Le feuilleton des droits voisins, que nous avons étroitement suivi dans nos colonnes, aura donc duré presque 3 années. Un feuilleton ouvert en novembre 2019 par les représentants de la presse, notamment l’APIG, la SEPM et l’AFP. On se souvient notamment de la sanction de 500 millions d’€ prononcée par l’Autorité de la Concurrence contre Google en juillet 2021, lui reprochant son manque de « bonne foi » dans les négociations.

L’Autorité de la Concurrence a donc décidé, ce 21 juin, de mettre fin à son contentieux sur les droits voisins en échange d’engagements souscrits par Google. Mais, quels sont ces engagements ? Tout d’abord Google promet de négocier de bonne foi avec les éditeurs et les agences de presse qui en feraient la demande, une négociation ouverte à tout type de presse et plus seulement à la presse d’information générale. On se souvient d’ailleurs qu’en avril dernier, Google avait déjà négocié un accord avec la presse magazine.

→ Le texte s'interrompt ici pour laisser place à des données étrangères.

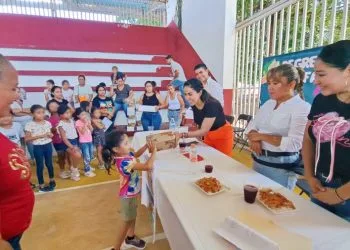 Árbol Se Desploma Sobre Un Autobús, En La Carretera «Libre» Uruapan-Pátzcuaro; 2 Heridos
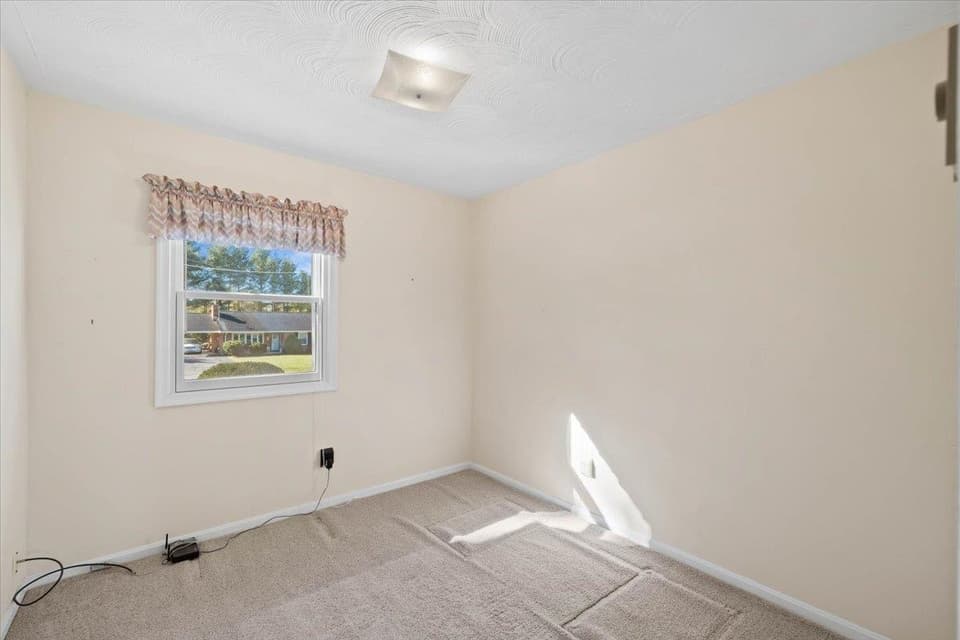 380 Walters Drive NW, photo 5 of 23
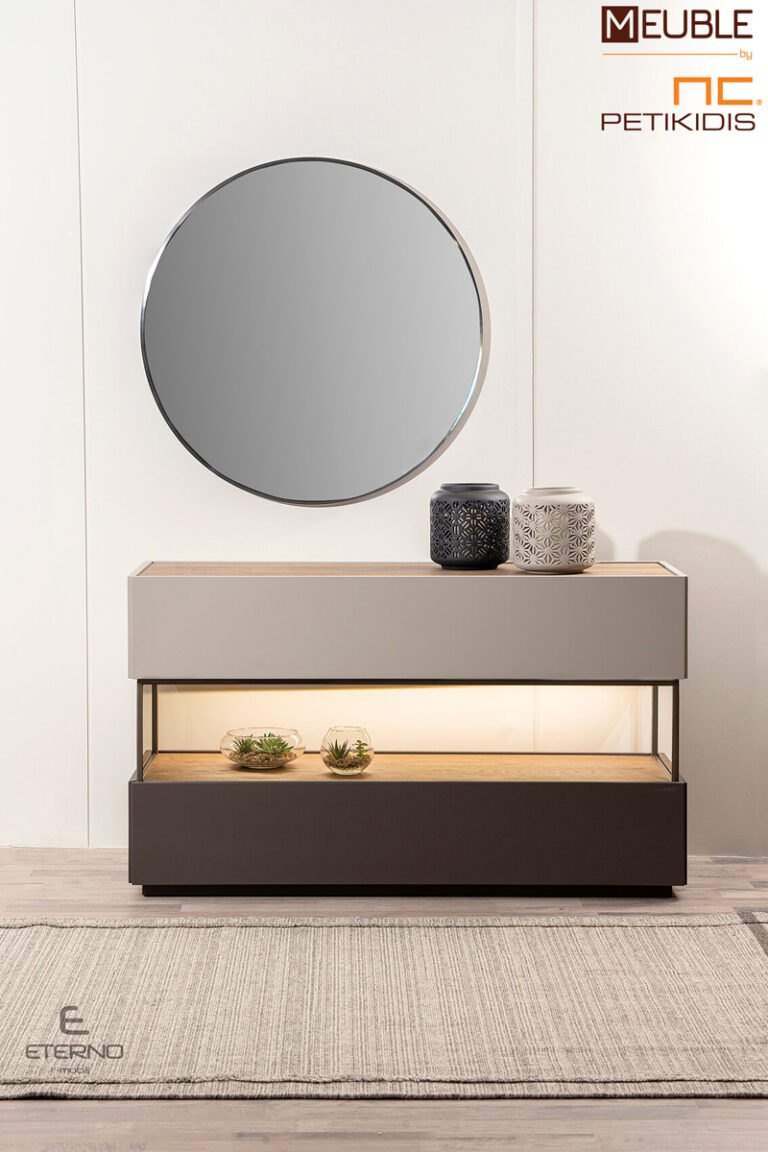 Τουαλέτα και καθρέφτης Easy. Σε μοντέρνο και μίνιμαλ σχεδιασμό, κατασκευασμένα από φυσικό ξύλο δρυς ρουστίκ και λάκα γκοφρέ σε ποικιλία χρωμάτων και συνδυασμών. Χαρακτηριστικά τα μεταλλικά στοιχεία και ο κρυφός φωτισμός της.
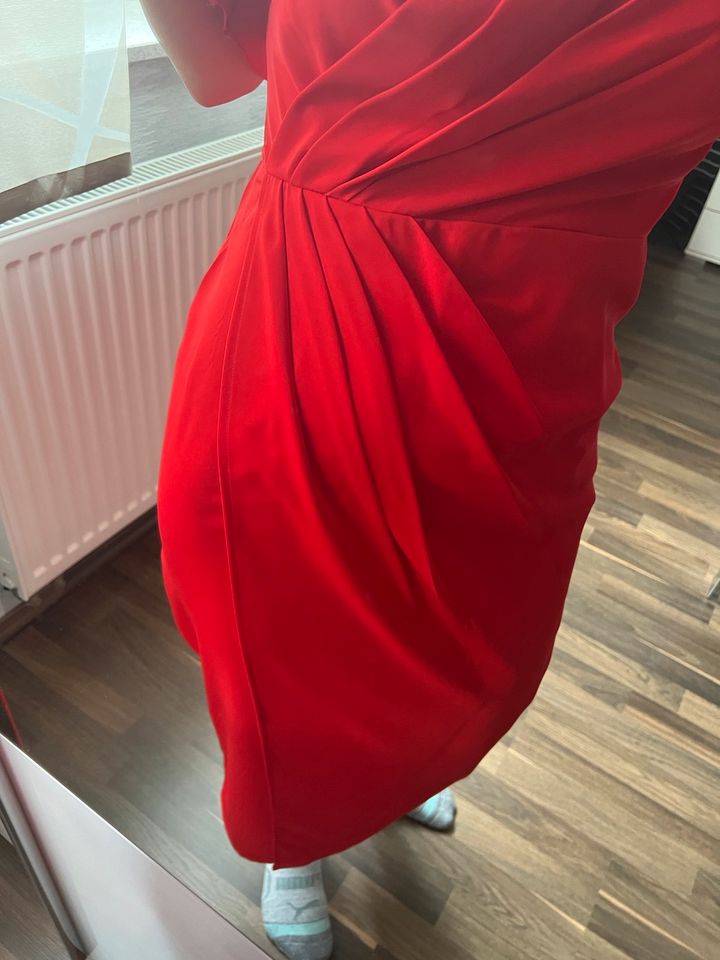 Rotes Kleid, S 36, neuwertig, Abendkleid in Soest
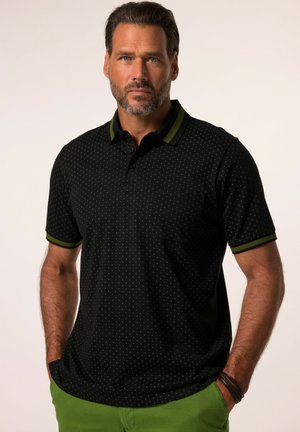 T-shirt polo noir avec des accents verts, présentant un motif de points subtil, des manches courtes, une patte de boutonnage à trois boutons et une poche sur la poitrine.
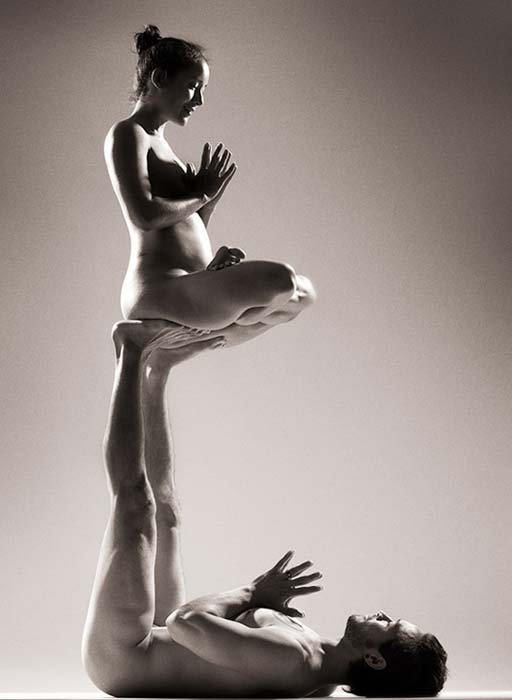 ร้อนแรง! ไบรโอนี่-สามี ถ่ายนู้ดทั้งตัว โปรโมทโยคะ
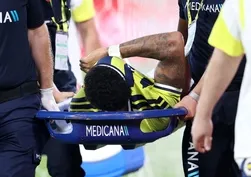 Fenerbahçe'den Jayden Oosterwolde açıklaması: Kısmi yırtık tespit edildi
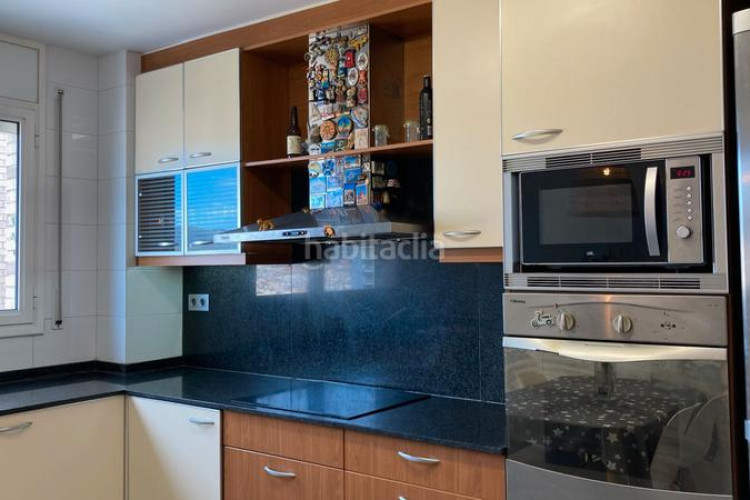 Dúplex en carrer de miquel vives 5 exclusivo duplex: salón-comedor, cocina, 4 habitaciones, 3 baños, terraza, pk y trastero en Terrassa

Par ailleurs, les éditeurs ayant déjà signé un accord (140 ont été signés à ce jour) pourront en demander son « alignement par le haut ».

Google s’engage également dans un délai de 3 mois à faire une proposition de rémunération et à assurer la transparence de son mode d’évaluation. En cas de litige sur la rémunération, un tribunal arbitral tranchera. Par ailleurs, Google s’engage à transmettre des informations minimales permettant d’évaluer ses revenus directs et indirects. Un socle d’informations types devra être communiqué par Google sous quinzaine et celui-ci devra être remis à jour chaque année.

Enfin Google abandonne l’appel qu’il avait introduit devant le Conseil d’État quant à son amende de 500 millions d’€. Celle-ci devient donc définitive.

Cette décision de l’Autorité de mettre fin au contentieux est historique de par la portée des engagements souscrits par Google, peut-être parmi les plus avancés au plan international.